I totally get this, as last
I totally get this, as last week my SD was full of attitude all week long and I couldn't WAIT for her to go back to BM so I could enjoy my weekend in peace! Would I ever say that to DF about his precious, hell no! Was I tripping over myself to get to the phone and make the call when she asked in the morning if she could go back to BM's early, of course!!! What a WONDERFUL idea SD let's see what BM is up to today, shall we? I can drop her off right away BM, no problem!!!
I love not having to censor
I love not having to censor anything. Some of you may think that I am a horrible person from the things that I post in this uncensored spew from the darkest corners of my mind with respect to BM (whorelady) and SS (homeless druggie).
But I am not like this in real life AT ALL. I have many, many friends. I don't think a one of them would EVER guess my blod was me as I am never like this (so mean) in real life.

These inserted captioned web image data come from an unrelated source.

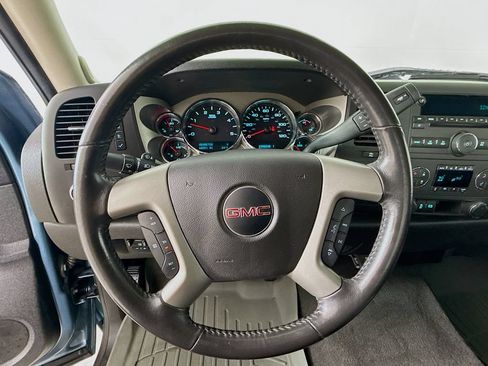 Used 2013 GMC Sierra 2500 SLE w/ SLE Preferred Package AWD/4WD image 13
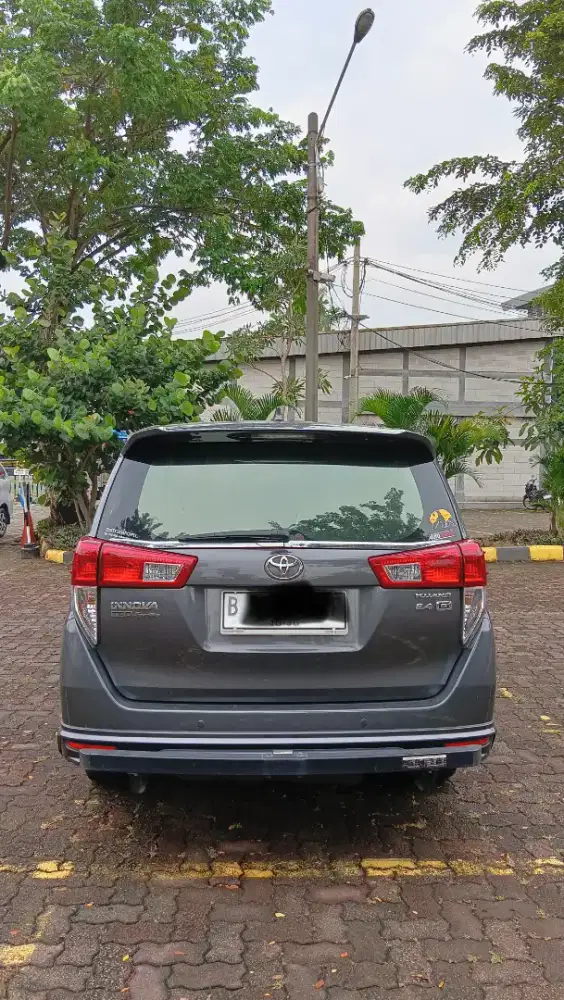 Toyota Kijang Innova Diesel TRD 2.4 At 2020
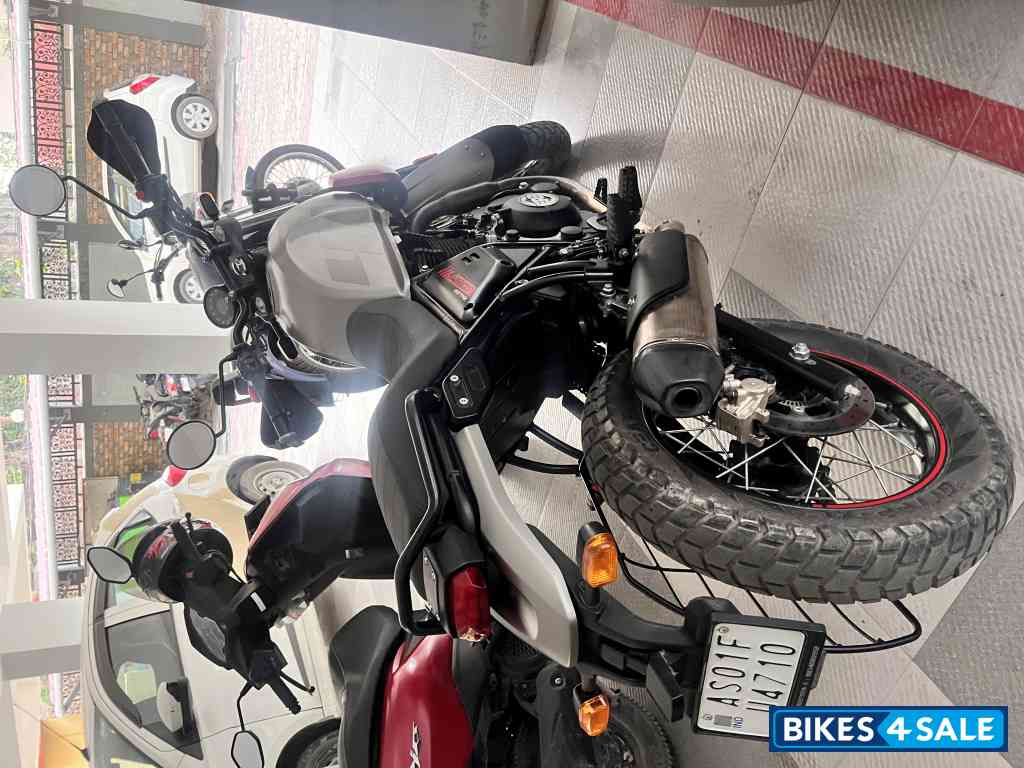 Royal Enfield Scram 411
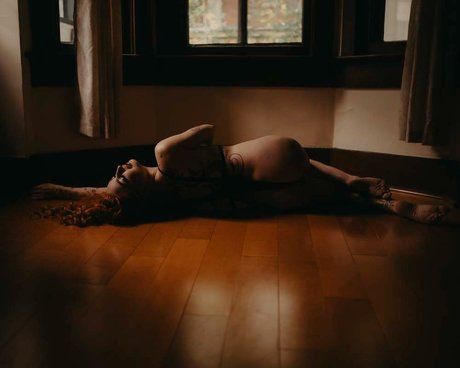 Naakte gelekte OnlyFans-foto van Queen Nova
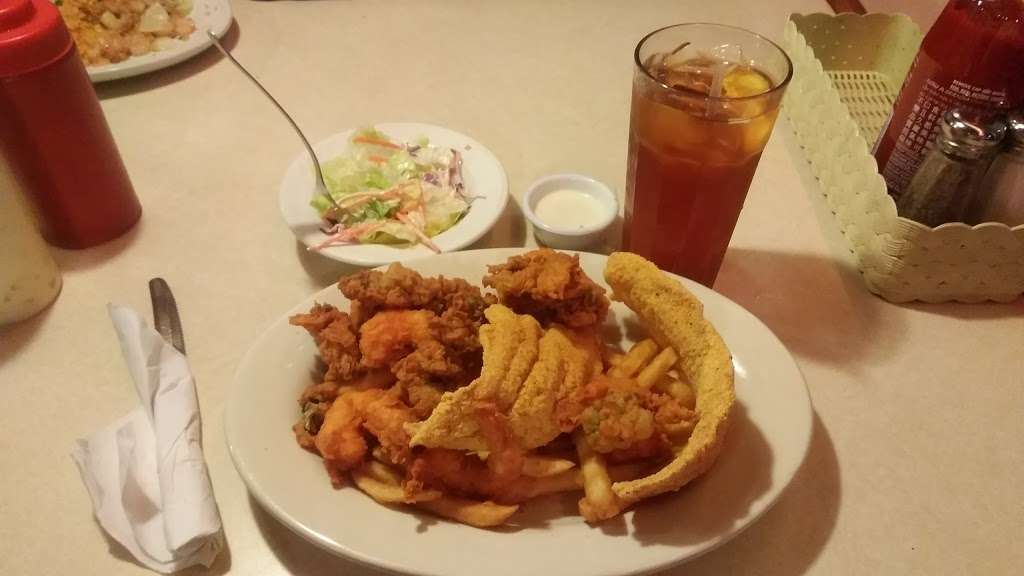 Texas Seafood Restaurant | 10155 East Fwy, Houston, TX 77029, USA | Phone: (713) 675-0750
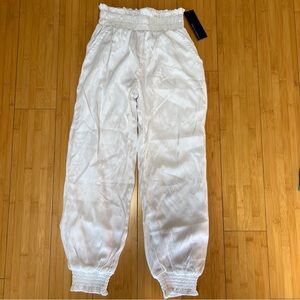 Habitual Kids white satin joggers 🤍 NWT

I don't want to be a bad person even to you all but it does help to just say how HORRIBLE I think the ex and the SSs are.
UPDATE: DF actually called
UPDATE: DF actually called me this morning and APOLOGIZED for being an ass about the blog - I am SHOCKED, but must admit that he's been doing this more and more frequently since we started seeing our counselor a couple of months ago. He said he totally understands why I enjoy this outlet and it just threw him for a loop at first. I told him I would delete it if it was a cause of concern for him, and he told me he is 100% on board and supports whatever I decide to do, and only hopes that if I do continue blogging I will also continue to maintain our anonymity. No problem babe, and thank you for being awesome again!!!
I did share some little
I did share some little tidbits with him, and I've been watching other posts on the site for awhile now and sharing some of that with him. We actually got some great tips on getting SD to bed in a timely fashion (the night time routine has always been an issue in our house, unfortunately) from one of the blogs I was reading on here and started implementing them a couple of weeks ago. Working like a charm so far! He definitely understands the value of READING other blogs, he just didn't realize that I was interested in writing my own. SURPRISE HONEY!!!

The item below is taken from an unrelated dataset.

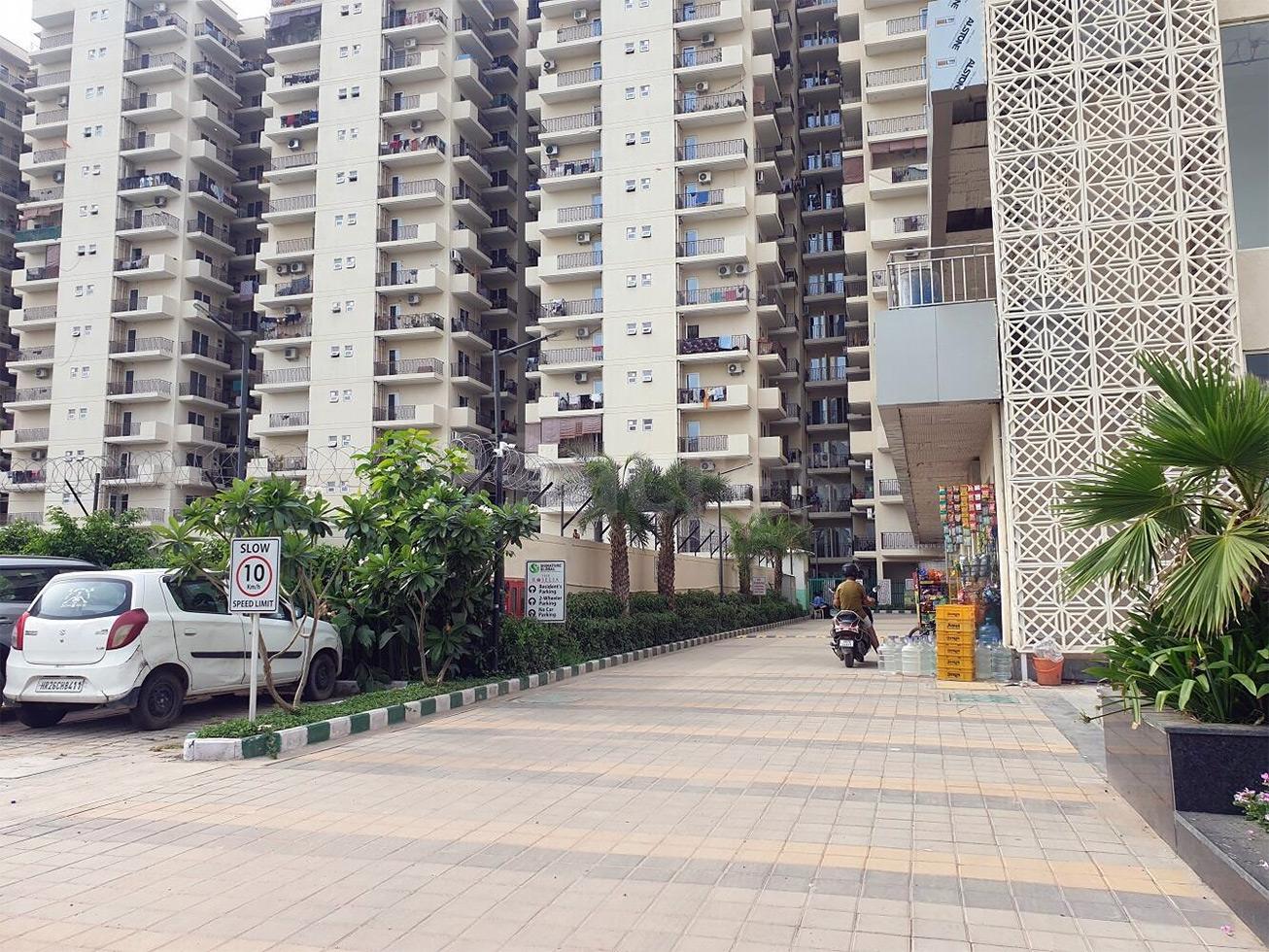 2 BHK Flat for Sale of Carpet 569 Sq.ft in Signature The Roselia Sector95A Gurgaon by Amol Shinde 2 BHK Flat for Sale of Carpet 569 Sq.ft in Signature The Roselia Sector95A Gurgaon by Amol Shinde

I also think the "secret friends" thing is a little strange, especially since my own friends rarely organize events that are for "girls only" and DF is almost always included in whatever plans we do make. Whether he chooses to participate or not is left up to him and the schedule with SD, and the fact that he does specifically exclude me from this ONE group has been a source of contention in our relationship. I include him in every single aspect of my life, and it bothers me that he doesn't do the same. But, much like with BM, I pick my battles, and this one just isn't a priority right now.